Wednesday. Read your privacy policy. Does it cover all sections above? If not, rewrite it (budget €200 to €500 for a professional).

Thursday. Check your legal notices page. Does it show your KBO number and business address? If not, create one and link it from your footer.

Friday. Review contact forms for missing data disclosures and pre-ticked boxes. Collect DPA agreements from Google, Mailchimp and Shopify.

Next week. Test in an incognito browser. Does Google Analytics fire before you click accept on the cookie banner? It should not.

What the GBA Enforces

The GBA has fined companies for missing cookie banners, no privacy policy, collecting emails without consent, buried reject buttons, pre-ticked non-essential cookies and sharing data with unlisted third parties. The published cases are in the APD-GBA decisions register.

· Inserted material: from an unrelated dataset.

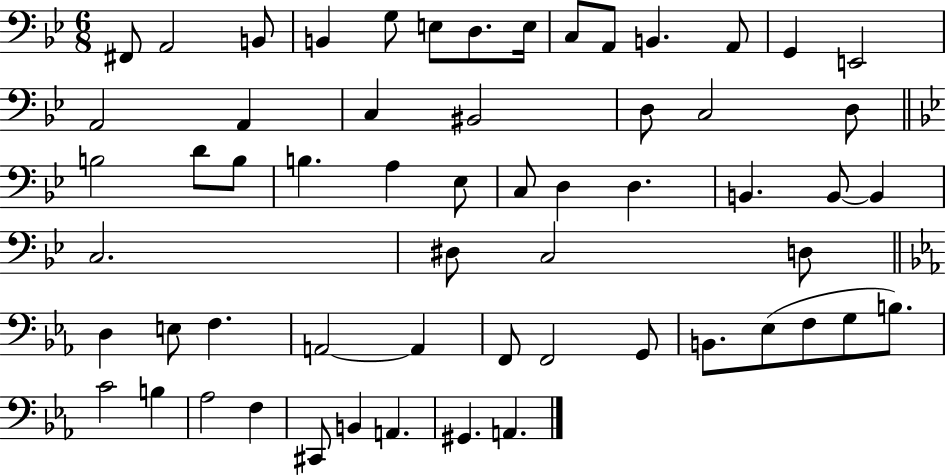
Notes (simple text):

F#2/e A2/h B2/e B2/q G3/e E3/e D3/e. E3/s C3/e A2/e B2/q. A2/e G2/q E2/h A2/h A2/q C3/q BIS2/h D3/e C3/h D3/e B3/h D4/e B3/e B3/q. A3/q Eb3/e C3/e D3/q D3/q. B2/q. B2/e B2/q C3/h. D#3/e C3/h D3/e D3/q E3/e F3/q. A2/h A2/q F2/e F2/h G2/e B2/e. Eb3/e F3/e G3/e B3/e. C4/h B3/q Ab3/h F3/q C#2/e B2/q A2/q. G#2/q. A2/q.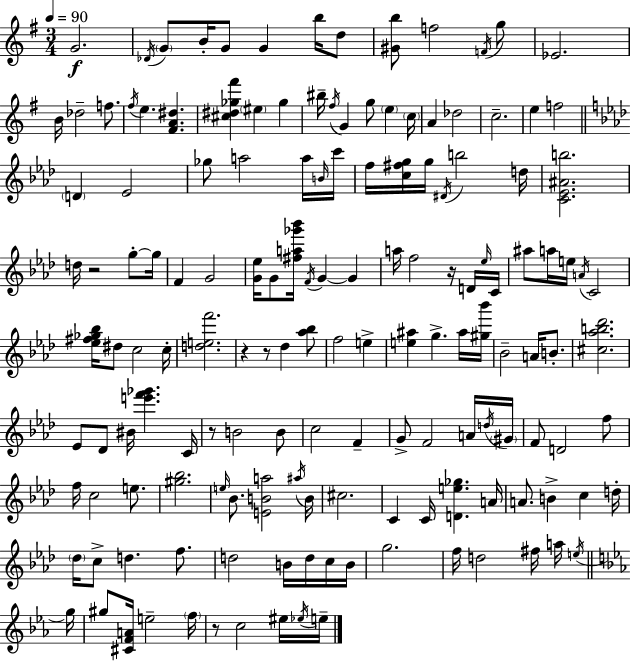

Fines for small businesses in published GBA decisions have ranged from €5,000 to €20,000, but amounts depend on the violation and the GBA's circumstances assessment. The real cost is the investigation. The GBA can freeze your forms and audit your systems, requiring documented proof of every fix.

The good news. If you follow this checklist, you will be compliant. A good cookie banner costs €15 to €30 per month. A clear privacy policy costs one afternoon. Well-structured compliance pages build trust with Belgian customers.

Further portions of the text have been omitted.